From: Yunsheng Lin <hidden>
Date: 2023-06-03 13:02:23
Also in: lkml

On 2023/6/3 0:37, Alexander H Duyck wrote:
...

quoted

Please let me know if the above makes sense, or if misunderstood your
concern here.

So my main concern is that what this is doing is masking things so that
the veth and virtio_net drivers can essentially lie about the truesize
of the memory they are using in order to improve their performance by
misleading the socket layer about how much memory it is actually
holding onto.

We have historically had an issue with reporting the truesize of
fragments, but generally the underestimation was kept to something less
than 100% because pages were generally split by at least half. Where it
would get messy is if a misbehaviing socket held onto packets for an
exceedingly long time.

What this patch set is doing is enabling explicit lying about the
truesize, and it compounds that by allowing for mixing small
allocations w/ large ones.

quoted

The problem is there are some architectures where we just cannot
support having pp_frag_count due to the DMA size. So it makes sense to
leave those with just basic page pool instead of trying to fake that it
is a fragmented page.

It kind of depend on how you veiw it, this patch view it as only supporting
one frag when we can't support having pp_frag_count, so I would not call it
faking.

So the big thing that make it "faking" is the truesize underestimation
that will occur with these frames.

Let's discuss truesize issue in patch 2 instead of here.
Personally, I still believe that if the driver can compute the
truesize correctly by manipulating the page->pp_frag_count and
frag offset directly, the page pool can do that too.

quoted
quoted
quoted
---

...

quoted

What is the point of this line? It doesn't make much sense to me. Are
you just trying to force an optiimization? You would be better off just
taking the BUILD_BUG_ON contents and feeding them into an if statement
below since the statement will compile out anyway.

if the "if statement" you said refers to the below, then yes.

quoted

+		if (!__builtin_constant_p(nr))
+			atomic_long_set(&page->pp_frag_count, 1);

But it is a *BUILD*_BUG_ON(), isn't it compiled out anywhere we put it?

Will move it down anyway to avoid confusion.

Actually now that I look at this more it is even more confusing. The
whole point of this function was that we were supposed to be getting
pp_frag_count to 0. However you are setting it to 1.
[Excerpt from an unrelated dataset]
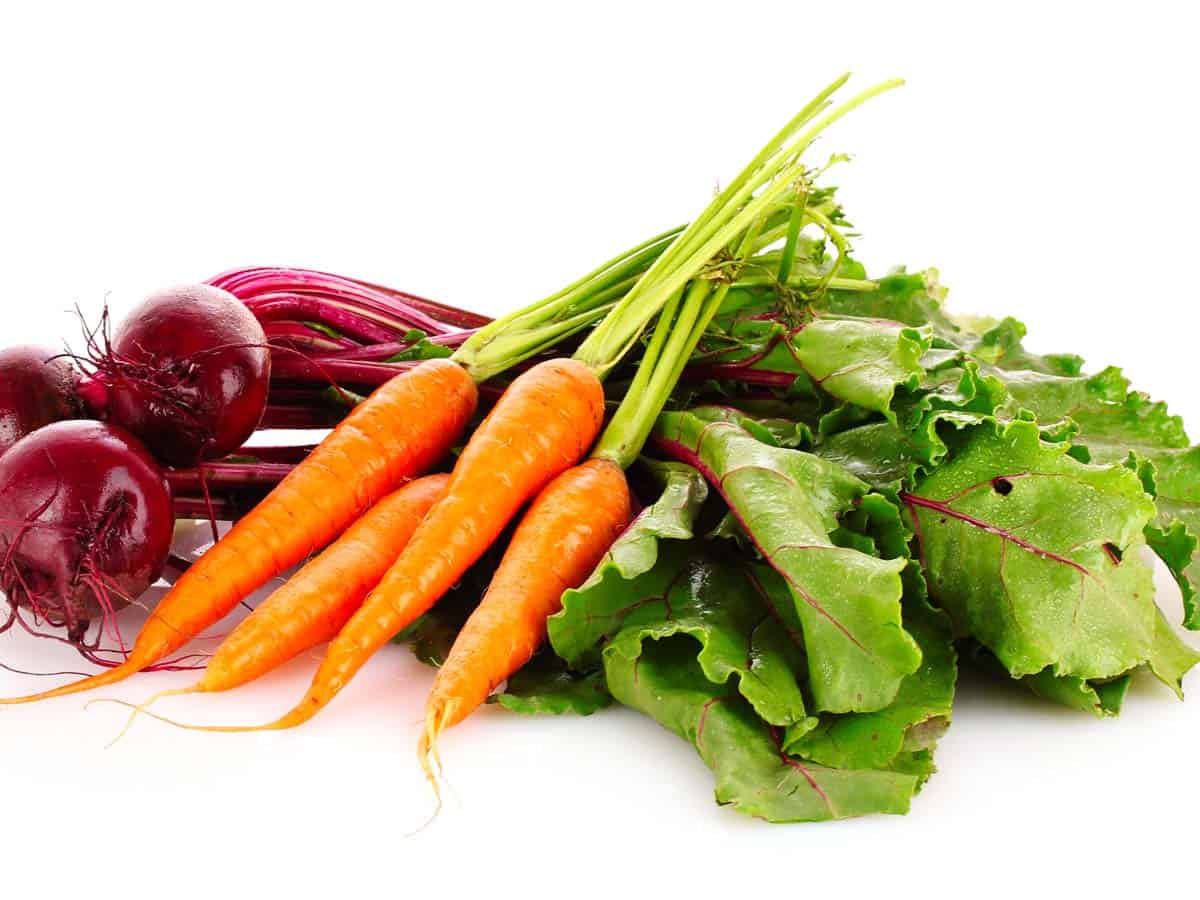 Carrots and beets on a white background.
This is seriously flawed. If we are going to treat non-fragmented pages
as mono-frags then that is what we should do. We should be pulling this
acounting into all of the page pool freeing paths, not trying to force
the value up to 1 for the non-fragmented case.

I am not sure I understand what do you mean by 'non-fragmented ',
'mono-frags', 'page pool freeing paths' and 'non-fragmented case'
here. maybe describe it more detailed with something like the
pseudocode?

quoted

It seems like what you would want here is:
	BUG_ON(!PAGE_POOL_DMA_USE_PP_FRAG_COUNT);

Otherwise you are potentially writing to a variable that shouldn't
exist.

Not if the driver use the page_pool_alloc_frag() API instead of manipulating
the page->pp_frag_count directly using the page_pool_defrag_page() like mlx5.
The mlx5 call the page_pool_create() with with PP_FLAG_PAGE_FRAG set, and
it does not seems to have a failback for PAGE_POOL_DMA_USE_PP_FRAG_COUNT
case, and we may need to keep PP_FLAG_PAGE_FRAG for it. That's why we need
to keep the driver from implementation detail(pp_frag_count handling specifically)
of the frag support unless we have a very good reason.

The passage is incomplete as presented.